### Problem description
Each line from the one with "0–36 mois |" through the last line of the material is to be printed exactly; no other line and no picture belongs in the copy.

### Listed entries
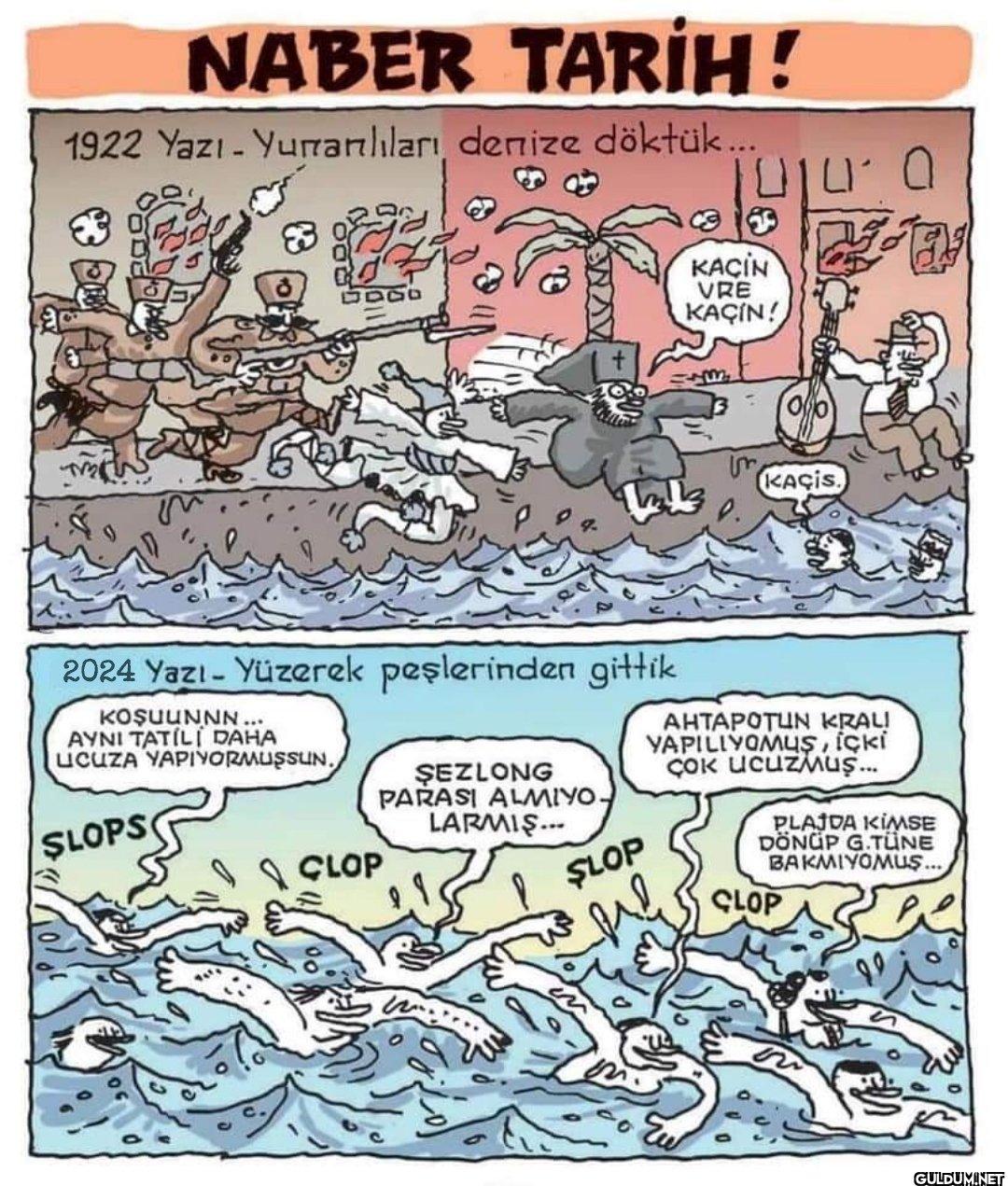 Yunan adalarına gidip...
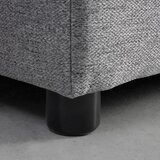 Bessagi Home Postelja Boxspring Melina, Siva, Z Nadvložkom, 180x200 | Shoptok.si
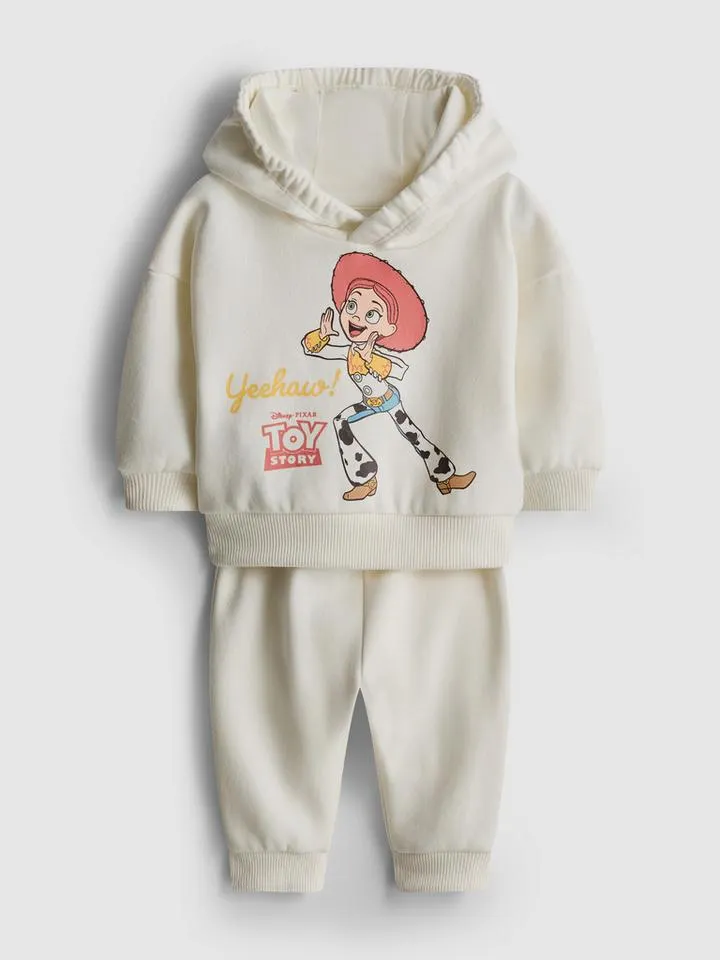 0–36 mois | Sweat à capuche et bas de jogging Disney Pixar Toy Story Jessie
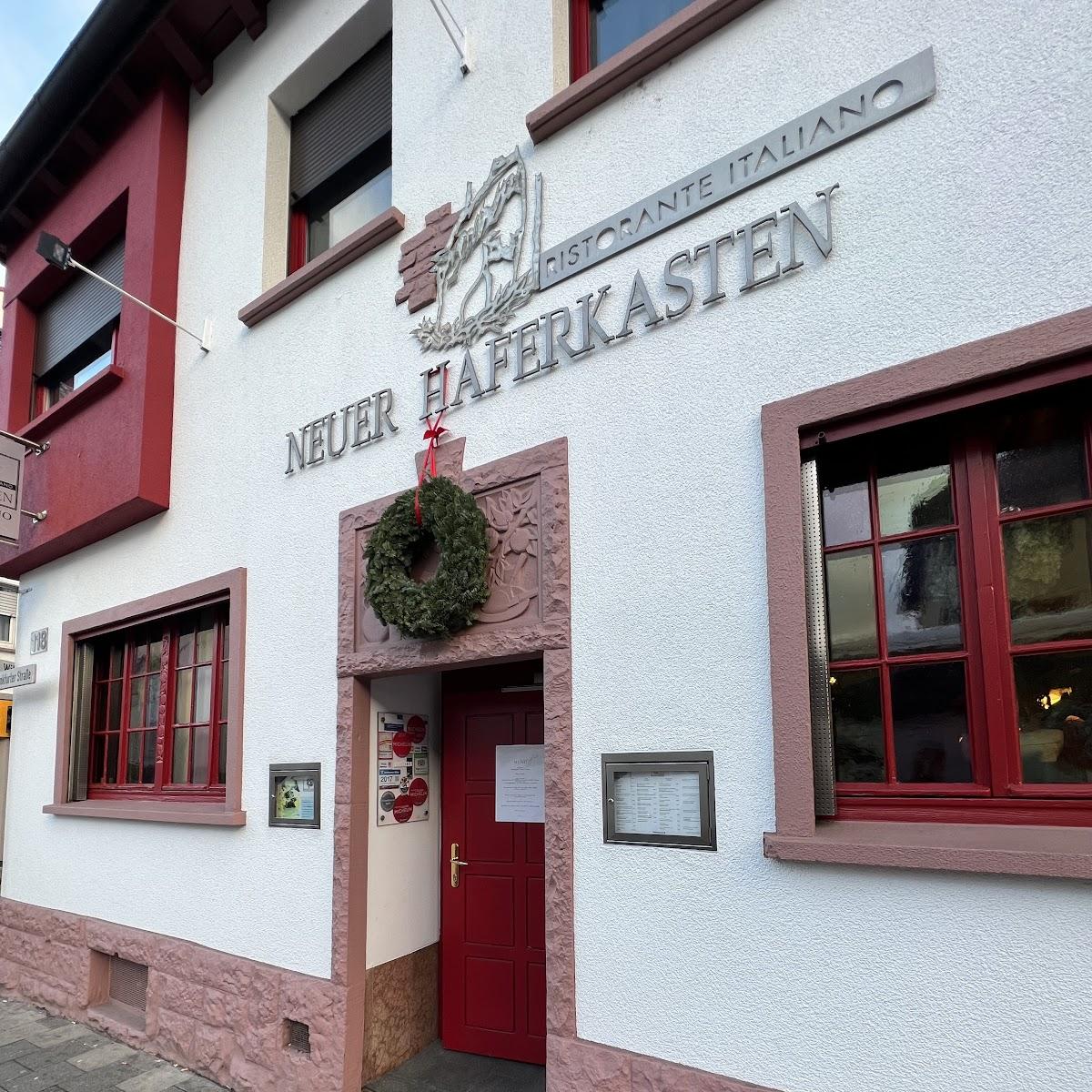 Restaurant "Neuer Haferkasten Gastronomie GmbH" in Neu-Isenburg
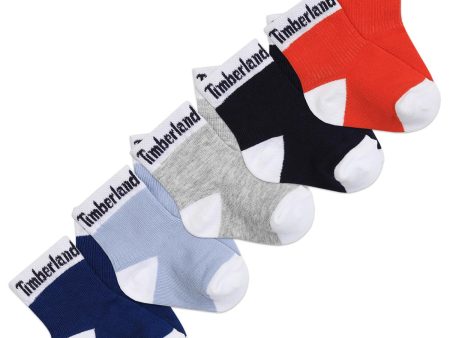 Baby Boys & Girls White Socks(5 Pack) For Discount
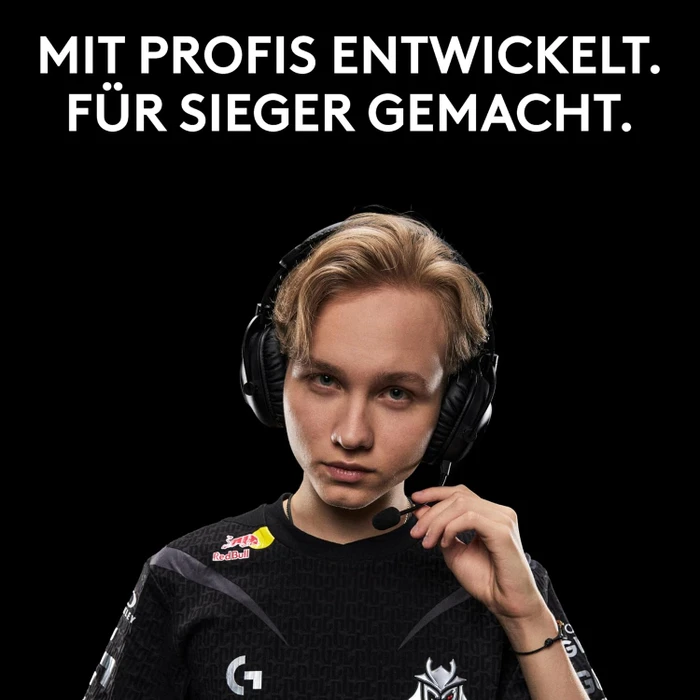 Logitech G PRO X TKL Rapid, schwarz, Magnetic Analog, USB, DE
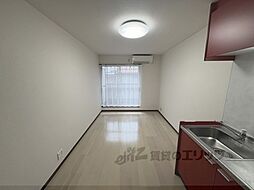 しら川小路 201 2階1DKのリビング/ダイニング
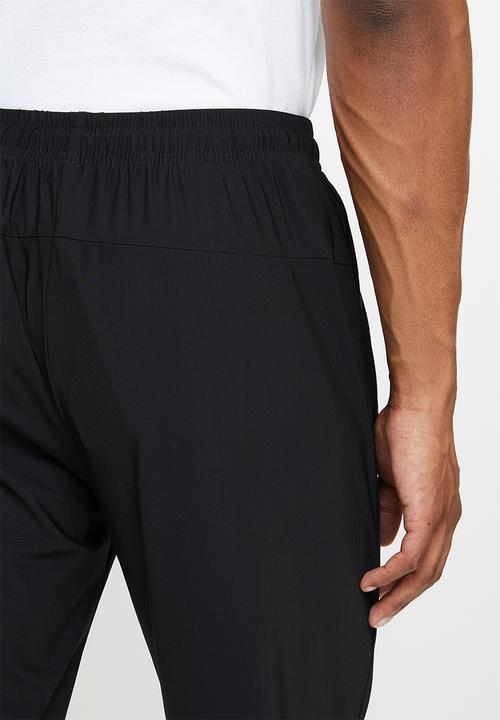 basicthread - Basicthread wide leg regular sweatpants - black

### Answer below
 0–36 mois | Sweat à capuche et bas de jogging Disney Pixar Toy Story Jessie
 Restaurant "Neuer Haferkasten Gastronomie GmbH" in Neu-Isenburg
 Baby Boys & Girls White Socks(5 Pack) For Discount
 Logitech G PRO X TKL Rapid, schwarz, Magnetic Analog, USB, DE
 しら川小路 201 2階1DKのリビング/ダイニング
 basicthread - Basicthread wide leg regular sweatpants - black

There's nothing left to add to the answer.